Ingredients:
- 2.5 cups (310g) all-purpose flour
- 1.5 cups (300g) granulated sugar
- 1 tbsp (12g) baking powder
- 0.5 tsp (3g) salt
- 0.75 cup (170g) unsalted butter, softened
- 3 large eggs, room temperature
- 0.75 cup (180ml) full-fat coconut cream (canned)
- 1 tsp (5ml) vanilla extract
- 1 tsp (5ml) coconut extract
- 1 cup (225g) unsalted butter, softened
- 4 oz (115g) cream cheese, softened
- 4 cups (480g) powdered sugar
- 3 tbsp (45ml) coconut cream
- 1 tsp (5ml) coconut extract
- 2 cups (180g) sweetened shredded coconut, toasted
Instructions:
- Preheat oven to 350°F (175°C). Grease two 8-inch pans and line the bottoms with parchment paper.

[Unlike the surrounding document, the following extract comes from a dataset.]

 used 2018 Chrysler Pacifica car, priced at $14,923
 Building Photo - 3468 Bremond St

- Cream the softened butter and sugar on medium-high speed until the mixture looks pale and fluffy (approx. 3 minutes).
- Add eggs one at a time, beating well after each addition to prevent the batter from curdling.
- Sift in flour, baking powder, and salt. Gently fold in the coconut cream, vanilla, and coconut extract using a spatula until no streaks of flour remain.

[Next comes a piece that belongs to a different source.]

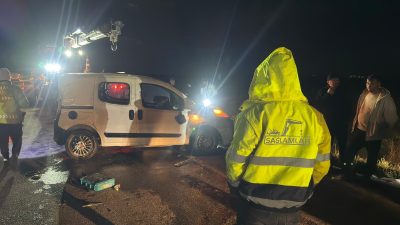 Afyonkarahisar’da tır, otomobil ve hafif ticari aracın karıştığı zincirleme trafik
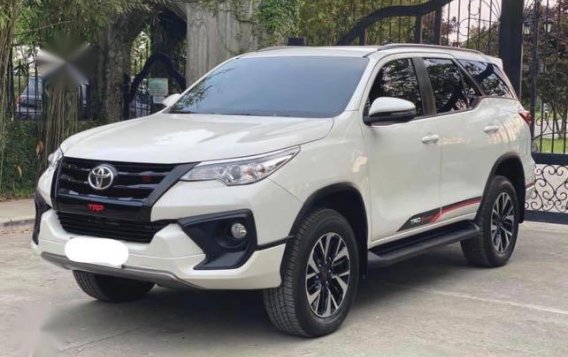 Pearl White Toyota Fortuner 2020 for sale in Quezon -2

- Divide batter evenly between pans. Bake for 30–35 minutes until a toothpick comes out clean and the edges pull away from the pan.

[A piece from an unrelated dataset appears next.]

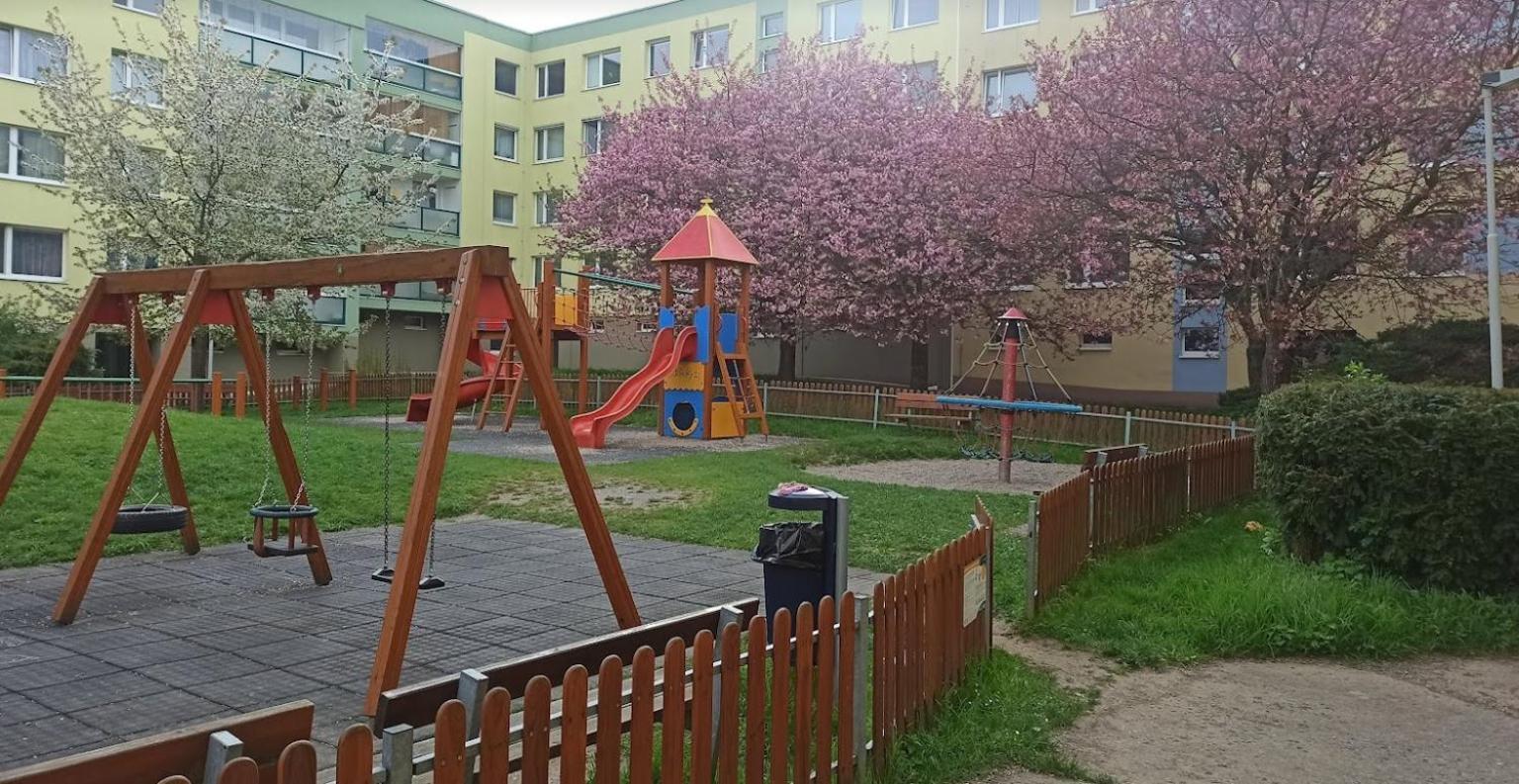 Family For 6, 10mins To Centre, Free Parking, Quiet Location, New Furniture, Balcony Apartamento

- Allow cakes to cool completely on wire cooling racks.
- Prepare frosting by beating together softened butter and cream cheese, then mixing in powdered sugar, coconut cream, and coconut extract until silky.
- Assemble the cake by layering frosting between cakes and covering the top and sides. Press toasted shredded coconut into the frosting.
- Chill the assembled cake in the refrigerator for 2 hours to stabilize the frosting before serving.